Do końca moich dni będę jednak pamiętała, że zawdzięczam Ci życie! Zawsze będziesz moim Bohaterem!
Dozgonnie Ci wdzięczna
Księżna Kate

Treść listu przesłołek e-mailem do Monty’ego, ftóry – moze bocycie – jest ulubionym pieskiem królowej Elzbiety II. Popytołek go o pomoc w realizacji mojego planu. Na scynście Monty piknie sie zgodził. Zaroz wydrukowoł rzekomy list od Kate na piknym papierze. A kie Kate podpisywała jakiesi dokumenty, Monty sprytnie i niepostrzezenie podsunął ten papier wprost pod jej pióro. Kie juz mioł oryginalny podpis księznej, włozył papier do królewskiej koperty i wysłoł na adres nasego grzybiorza. List musi być teroz w drodze. A na kopercie – ocywiście musi być pikno piecątka brytyjskiej Royal Mail. No i jo se myśle, ze kie grzybiorz ten list przecyto, to od rozu duzo lepiej sie pocuje. Pocuje sie jak prowdziwy bohater! Hau!
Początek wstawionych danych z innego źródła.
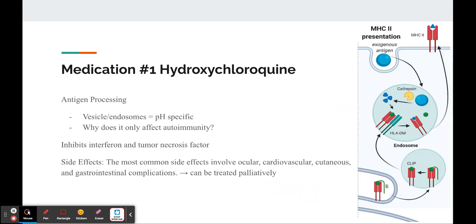One question, however, is how hydroxychloroquine doesn't affect any other regular antigens, but only autoantigens. A proposal to this question is that the autoantigens have a lower affinity with the MHC proteins and rely heavily on the low pH in the vesicles to bind, whereas normal antigens have a higher affinity, and the slight changes in pH from hydroxychloroquine are negligible.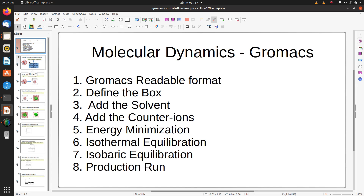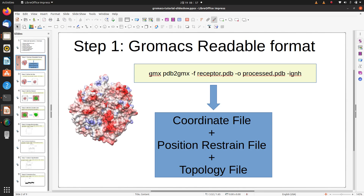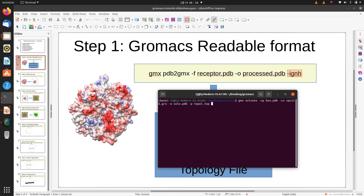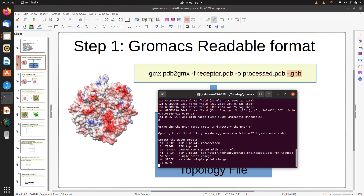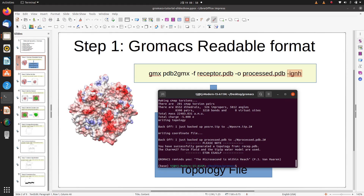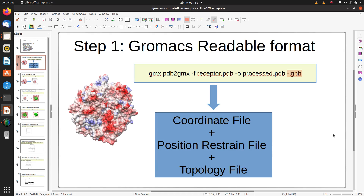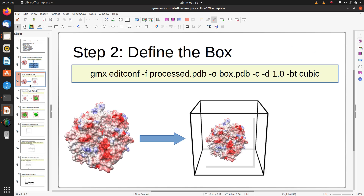The first step is to convert the PDB into GROMACS readable format. This is done using the command: gmx pdb2gmx, with the -f flag specifying the protein file name, the output file, and the -ignh command to ignore hydrogens. It will ask you to select the protein force field — I used CHARMM — and the water model — I used the TIP3P water model. Running this command generates three files: the coordinate file, the position restraint file, and the topology file.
P.S. KOMUNIKAT BUDOWEJ KOMISJI WYBORCEJ W SPRAWIE NADANIA TRZEM DZIEWCYNOM Z KRAKOWA HONOROWEGO OBYWATELSTWA OWCARKÓWKI. Głosów oddano: telo, kielo trza (w tym caluśko Kanada). Głosów za: sto procentów. Głosów przeciw: zodnyk. Głosów niewoznyk: tyz zodnyk. Niniejsym uznoje sie, ze honorowe obywatelstwo Owcarkówki zostało trzem studentkom z Krakowa piknie nadane. Haj.